Start of Block

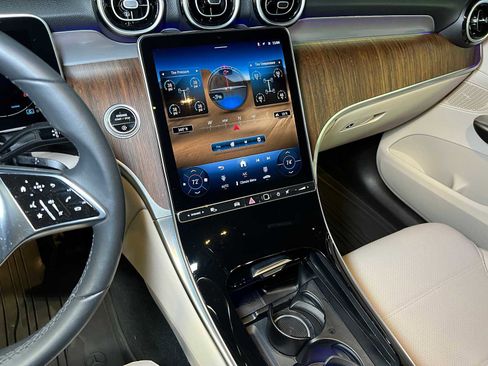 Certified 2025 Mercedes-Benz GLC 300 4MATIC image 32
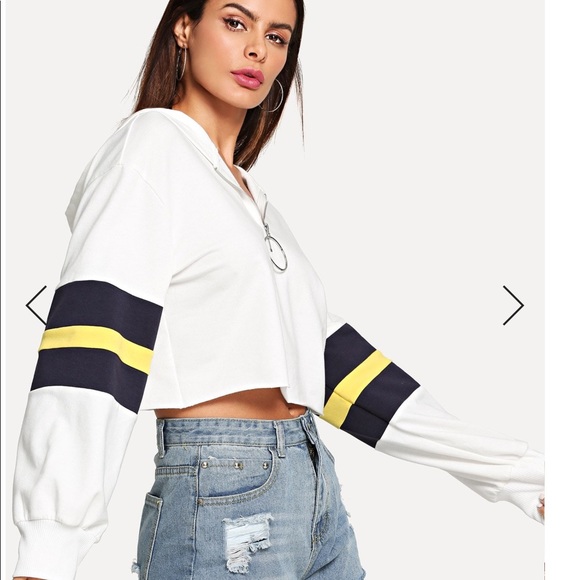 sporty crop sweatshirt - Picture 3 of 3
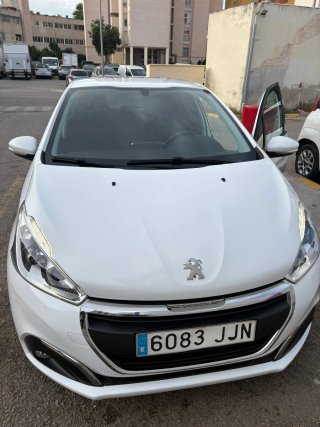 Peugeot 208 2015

End of Block
Start of Block

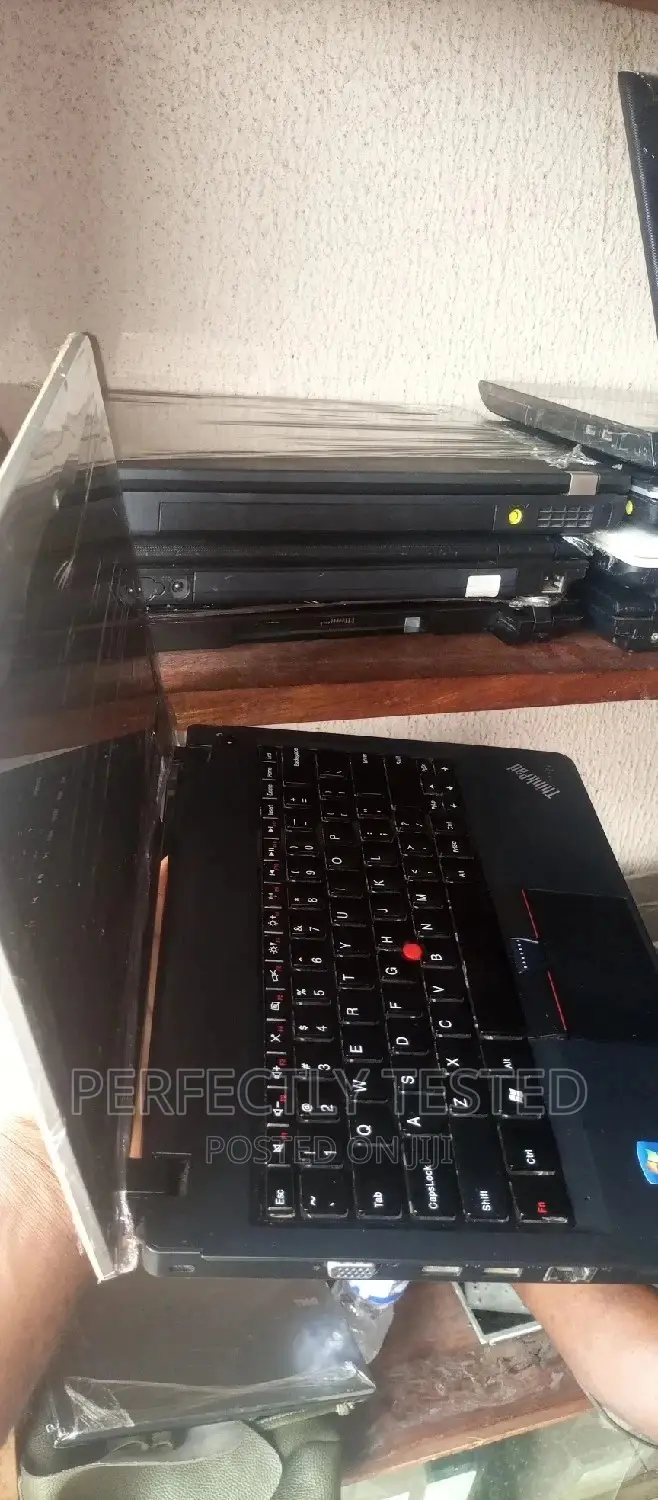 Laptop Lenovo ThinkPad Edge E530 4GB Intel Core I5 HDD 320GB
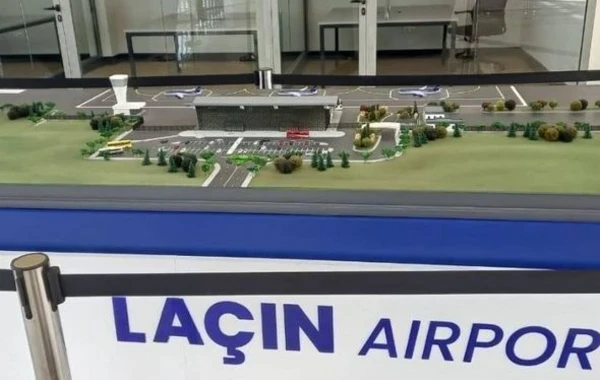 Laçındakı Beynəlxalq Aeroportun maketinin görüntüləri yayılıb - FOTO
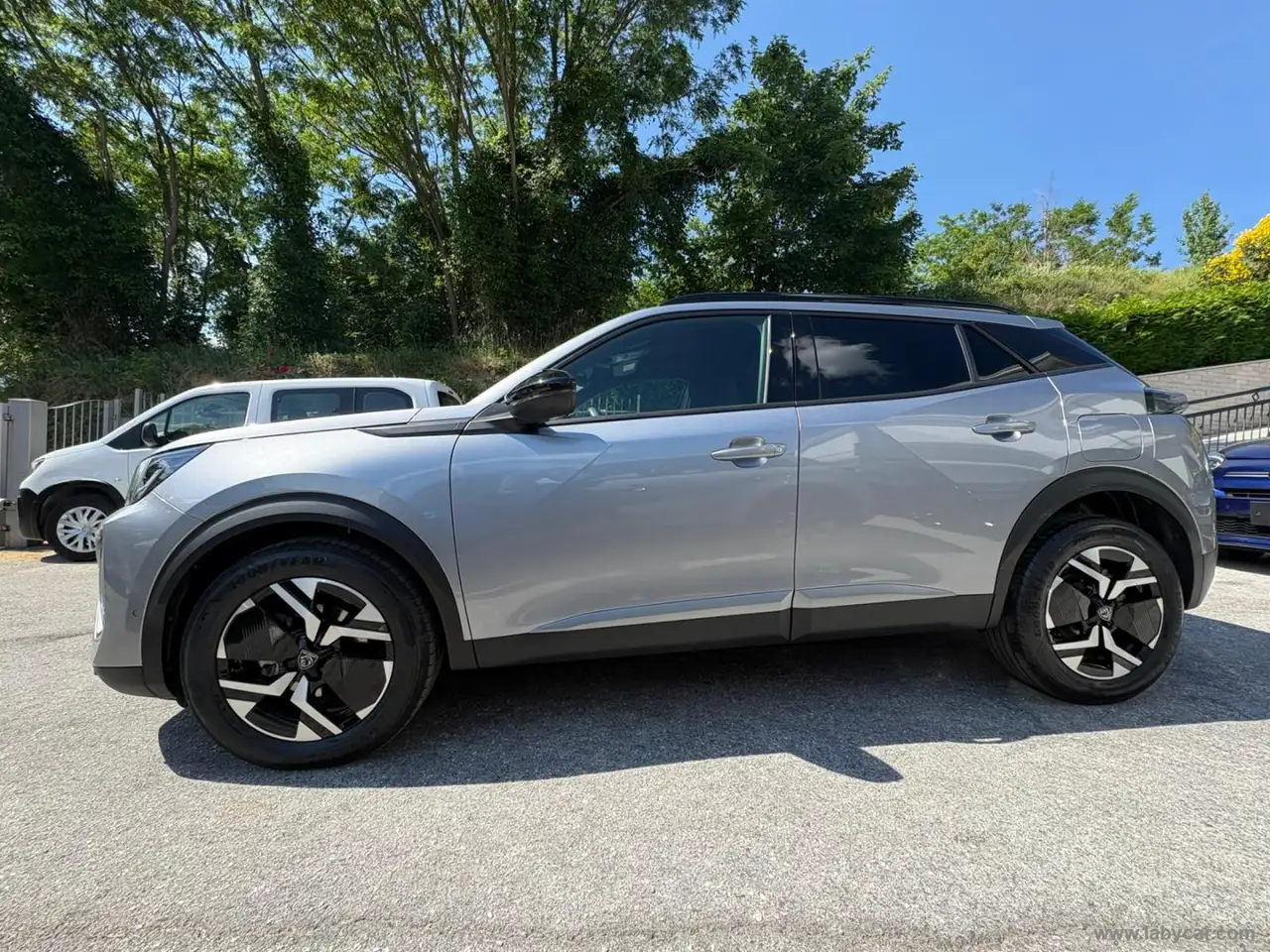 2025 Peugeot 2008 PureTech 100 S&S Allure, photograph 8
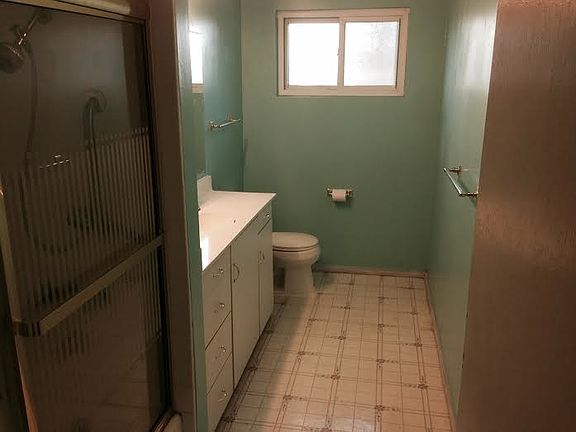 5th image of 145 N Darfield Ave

End of Block

WHAT THIS TASK INVOLVES —
The result should be an exact copy of only the lines above from the one that holds "sporty crop sweatshirt - Picture 3 of 3" through the one that holds "Peugeot 208 2015", both ends included, without pictures.

RESPONSE —
 sporty crop sweatshirt - Picture 3 of 3
 Peugeot 208 2015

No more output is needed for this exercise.